The move by the Ministry of Finance(MOF) is set to help reform local and regional governments' budget management and ensure greater fiscal transparency, Fitch said in a research note on Saturday.

The ministry announced on Wednesday that four more Chinese local governments -- Beijing, Jiangxi, Ningxia and Qingdao -- had been given autonomy to issue bonds directly as part of a pilot program, bringing the total number to ten.

Initiated in October 2011, local governments of Shanghai, Zhejiang, Guangdong and Shenzhen launched the pilot.
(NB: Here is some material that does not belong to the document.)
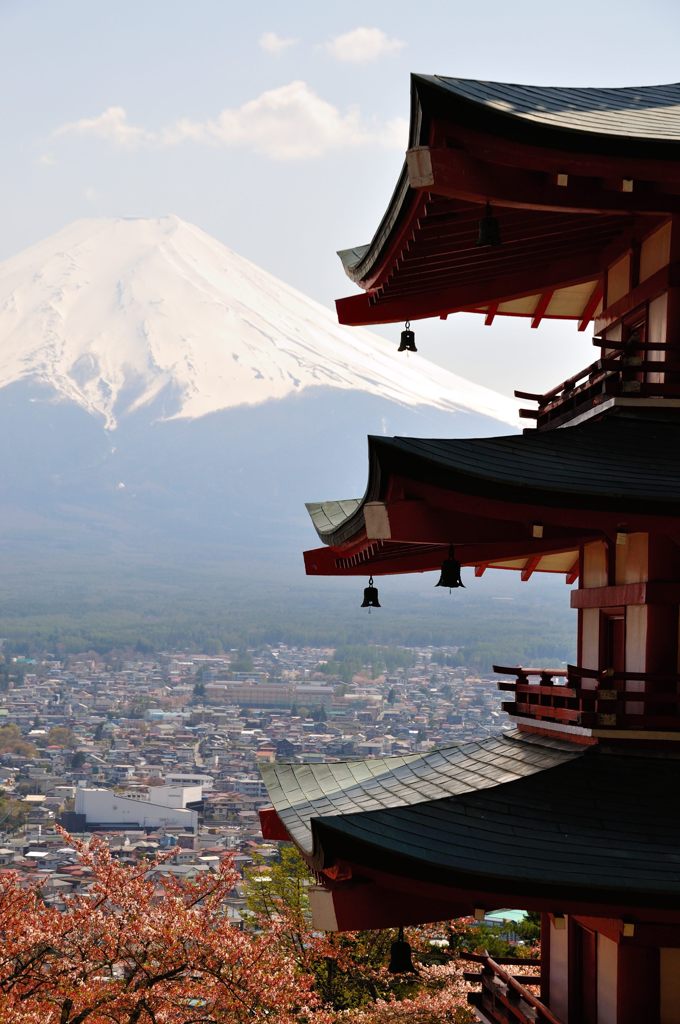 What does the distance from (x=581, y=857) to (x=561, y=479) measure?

Authorities of Jiangsu and Shandong provinces joined the pilot last year.

Fitch said the new policy decision is different from a previous pilot scheme launched in 2009. The new move makes local governments themselves shoulder the debt servicing responsibilities while local governments could only issue bonds under control of the MOF in the old scheme.

Enabling local governments to issue debt has several key implications which are positive for credit, Fitch said.

First it will encourage local authorities to transfer some of their sources of financing away from local government financing vehicles (LGFVs) and off-budget financing, the rapid growth of which is a potential risk for local governments and the financial system.

In addition, taking financing away from LGFVs and shadow banking, and placing debt issuance under a clearly established central government oversight framework, will bring much greater transparency to local governments' fiscal accounts and debt, it added.

It also offers the potential for better management of the local governments' asset/liability maturities while bringing down borrowing costs, said the ratings agency.

While hailing the move as a positive step, Fitch also warned that it does not stop local governments from continuing to source funding through LGFVs and off-budget financing.